Abi Reader, who is now Deputy President of NFU Cymru, studied for a BSc in Agriculture at what was then the Royal Agricultural College (RAC), graduating in 2003. She then stayed on to complete an MBA in Farm Business Management.
Although home was a farm in the Vale of Glamorgan, Abi went to secondary school in the middle of inner-city Cardiff and admitted that, when she left school, she had no idea what she wanted to do.
“I had always worked on the farm but my parents didn’t want to push me to take on the farm and I had never really considered it as a possible career for me,” she said.

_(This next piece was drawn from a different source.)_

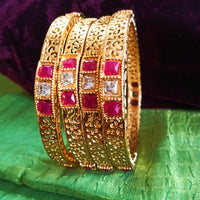 B0221_Beautiful golden bangles with delicate craftwork with a touch of stones.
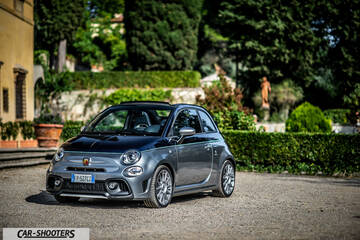 Abarth 695 Rivale – front three-quarter, grey metallic in a formal garden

“Farming just wasn’t on the radar of the careers advisers at school and it wasn’t really seen as a viable career for girls. We were meant to be solicitors, dentists, doctors – definitely not farmers!”
Given this, Abi, now 43, decided to take a gap year after her A-levels during which a friend of hers suggested she call the RAC to see if there was an agriculture course she could sign up to.
“Applying to the RAC was the only application I did but it turned out to be the best thing I ever did! From the moment I arrived on campus – pretty much the minute I got out of the car – I found out who I was. I knew this was where I wanted to be,” she said.
Abi was the top student of her year for two of the three years of her degree and, at her graduation, she was awarded the prize for the Most Prospective Farm Manager.
When she finally left the RAC in 2005, Abi headed home to work with her father on the family’s 900-acre Goldsland Farm where she now manages a herd of 200 Holstein Friesian and Dairy Shorthorns alongside 150 acres of arable land and around 100 sheep.
As well as using what she learnt at the RAC to change and improve things on the farm, Abi has also recently introduced new agroforestry and horticulture trials on her farm.
She said: “The agroforestry trial is really interesting and is not only an opportunity for carbon sequestration and diversity but also a business opportunity. The horticulture trial is looking at how to create more jobs by using less space.
“I could not have done any of this, or have been able to achieve any of the things I have, without the foundations I have from my studies at the RAC. I use the knowledge from there every single day – it is the bedrock of how I progress.”
Presenting Abi for the RAU Alumnus of the Year award at the University’s 2024 Graduation ceremony, which took place at the University’s Cirencester campus, RAU Chair of Governors Dame Fiona Reynolds said: “Abi is a persuasive and articulate voice for farmers, but she has a mind of her own, driven by a deep passion for the future of farming.
“She is through and through a generous, committed advocate not only for farming now but for building a sustainable future. Who, I ask, could be better to be our Alumnus of the Year?”